I’m capturing new content into DT MUCH faster than I can classify it, even with the aid of the Classify button. (Auto-classify doesn’t work well for me.) So I’m capturing everything in to my Edit This group and falling way behind. Right now that group contains almost 1,900 items! I even tried the experiment of exporting this group and importing it into a new DEVONthink Pro database and asking DT Pro to automatically group related information. Unfortunately, DT Pro was able to group only about 400+ items, leaving about 1,400 items still ungrouped.

Fortunately, DEVONthink’s ability to discern relationships between items seems to work well, even with sloppy hierarchical organization of contents. The See Also button still does it’s magic, as do Keyword searches. In DEVONthink Pro betas I’m making good use of smart folders to pull relationships together (and still wishing for the Boolean search capabilities of DEVONagent to make it into DEVONthink).

Of course, the more demands we make on artificial intelligence capabilities in DEVONthink, the more we encounter bottlenecks in CPU power and speed in existing Macs. I wonder where we’ll be 5 or 10 years from now? :smiley:

I save PDFs and images directly in the database since I only keep a limited number of them in it right now. And additions/changes are infrequent enough that I’d be likely to have them on a backup. If I were to upscale the volume (a long procrastinated task) I’d switch to copying them to the database Files folder, like Bill and other forum members do and have recommended. I’d still like that Files folder to have a few subfolders, maybe grouped by item type.

Same here. And too many items belong in multiple groups, which I used to replicate to different groups more often but now that seems less important and too time-consuming to upkeep.

I’ve only just started with DT today–I’m trying it out after having used StickyBrain for a few years.
I began with my PDF & PS Preferences set to “Link to originals.” After experimenting for a few hours and upon reading several messages on this board, I think it makes more sense for me to instead choose “Copy files to database folder.”

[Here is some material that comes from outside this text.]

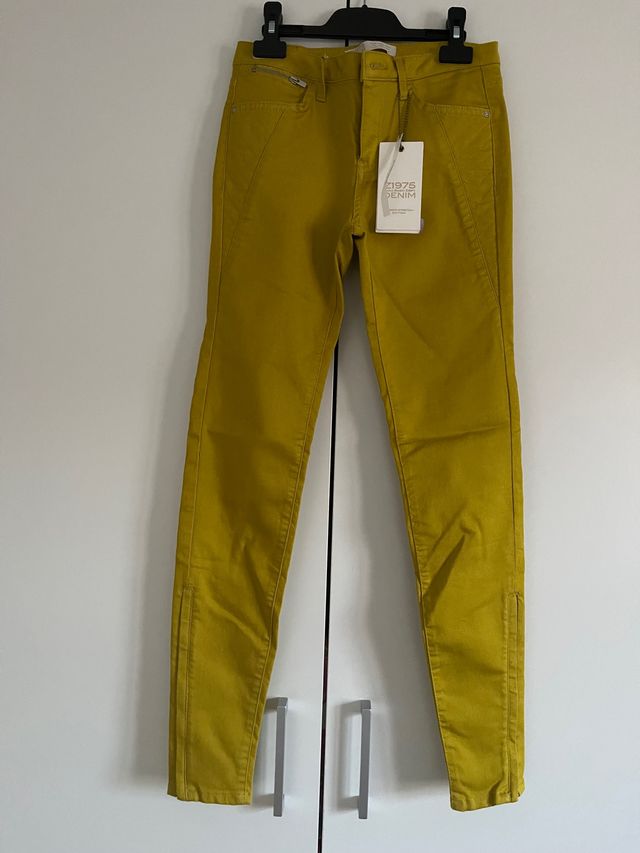 Pantalón mostaza, cremallera tobillera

Is there an easy way to take those already imported and linked PDFs and automatically move them into the database folder? While I’m asking, it would be most convenient if there is an option to delete the original file, too.

Thanks.
Mark

OS X (10.3.6)
DT 1.9a

No, there is no special command or such for doing this. What you could do is export everything, delete all DEVONtech_storage files and then import it again. This should import everything with the new settings.

Best,

Eric.

Thank you, Eric.
I found one DEVONtech_storage file in each exported folder and deleted it and, of course, the import worked fine. Some of those imported files came in as dark blue–I gather that indicates a wiki link which I’m still trying to understand, especially how to jump to that link–and others were dark red. I haven’t figured those out yet. I’ve only been able to spend a few hours examining DT and these forums, but I find the program very intriguing.

Mark

Perfect.

Blue = Duplicates
Red = Replicants, documents file in more than one place

Best regards,

Eric.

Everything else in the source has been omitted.